Los españoles no somos bichos raros
Nuestras anómalas tasas de paro son herencia de una legislación laboral inadecuada, a la que Sánchez pretende volver por orden de los comunistas
Para denigrar a los ingleses, Napoleón solía referirse a ellos como «una nación de tenderos». Sin saberlo creo que los estaba elogiando, pues un tendero suele ser una persona laboriosa, con vis comercial y sentido del orden, que no incurre en chifladuras contables. En España nos acordamos de las cuentas solo cuando la economía ya nos ahoga y algún cataclismo se cierne sobre nuestras crismas. Pero en el Reino Unido y Estados Unidos tienen la curiosa costumbre de que les interesan los números, destripar el detalle empírico de las cosas. En 1978, el Congreso estadounidense encargó un profundo estudio para conocer las consecuencias del paro sobre la vida de las personas. Según sus conclusiones, cada punto de subida del desempleo provocaba 20.240 infartos mortales más, 920 suicidios más, 495 muertes más por cirrosis, un aumento de los ingresos en psiquiátricos de 4.227 pacientes y 628 homicidios más.
El informe concluía algo obvio: la carencia de un puesto de trabajo provoca terribles sacudidas en las vidas de las personas. Por eso favorecer la creación de empleo es una de las pocas labores verdaderamente cruciales de todo Gobierno.
España arrastra un problema endémico de paro. Sus anómalas tasas no se corresponden con la categoría del país y su estatus económico. Estadística tras estadística, siempre salimos colorados en la foto como los peores de la UE, a la vera de los inefables griegos. ¿Cuál es la razón de esa excepción española? Los que saben señalan dos posibles explicaciones: 1.-El empleo sumergido, que hace que la tasa de paro española no sea en realidad la que se declara. 2.-Un sistema laboral excesivamente rígido, herencia todavía del modelo franquista, tan protector que resultaba una suerte de corsé, que en la práctica desincentiva la creación de empleo.

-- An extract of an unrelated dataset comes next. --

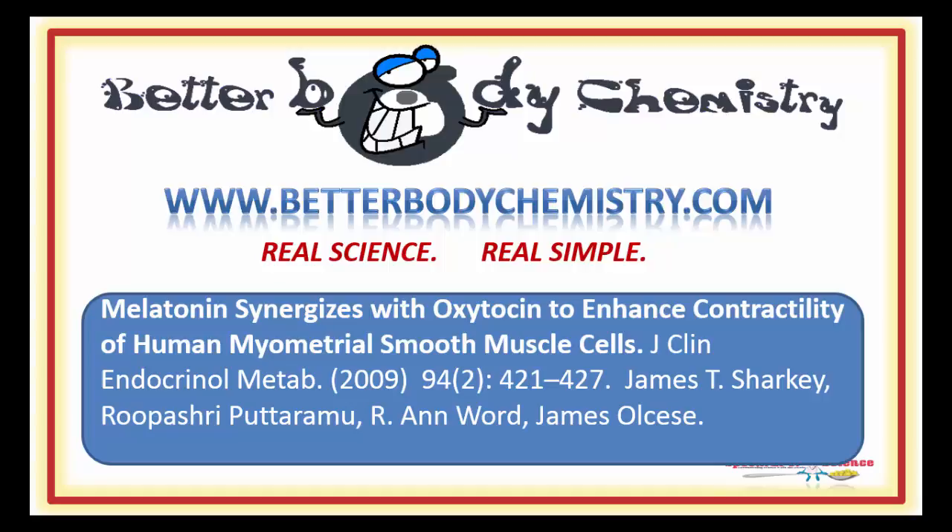And if you enjoyed the video, be sure to subscribe to our channel so you can catch future episodes of Better Body Chemistry TV. Thank you so much for watching and I will see you next time. Remember, small things can make a big difference to your health.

Los españoles no somos bichos raros. Teníamos –y tenemos– un paro excesivo debido a unas reglas laborales inadecuadas (también por una notable dependencia de los empleos estacionales). Lo sabía Felipe González. Pero dio unos pasos liberalizadores muy tímidos. Solo en febrero de 2012, cuando España soporta una crisis de caballo, se atreve por fin un Gobierno a reformar un poco en serio las relaciones laborales (atendiendo al apremio de Bruselas). Llega así en febrero de 2012 la reforma laboral que lleva el nombre de la ministra Fátima Báñez. Esa liberalización funcionó. Los datos están ahí. Sirvió para crear más puestos de trabajo, que es de lo que se trataba, no de tocar la lira declamando lírica «progresista».
Ahora Sánchez, el hombre de goma de la política europea, anuncia que va a cepillarse aquella reforma por la presión de sus socios comunistas. Lo hace solo tres días después de explicar que no habría tal derogación, sino solo un simple retoque de ciertos aspectos de la norma de Rajoy. Mi apuesta –y me juego una mariscada de esas que disparan el ácido úrico– es que al final no la eliminará, porque Bruselas solo lo aprobaría si se hace con el apoyo explícito de los empresarios, lo cual parece harto difícil. Pero mientras tanto asistimos a lo de siempre: frivolidad maniobrera. Siendo el desempleo el primer problema para los españoles, su presidente toma sus elásticas decisiones al respecto solo por imperativo de las alianzas que necesita para mantenerse en el poder como lo que es: el presidente más débil de nuestra democracia.
Sánchez anuncia la derogación de la reforma laboral sin concretar siquiera qué quiere imponer en su lugar. La política convertida en una cansina partida de trile.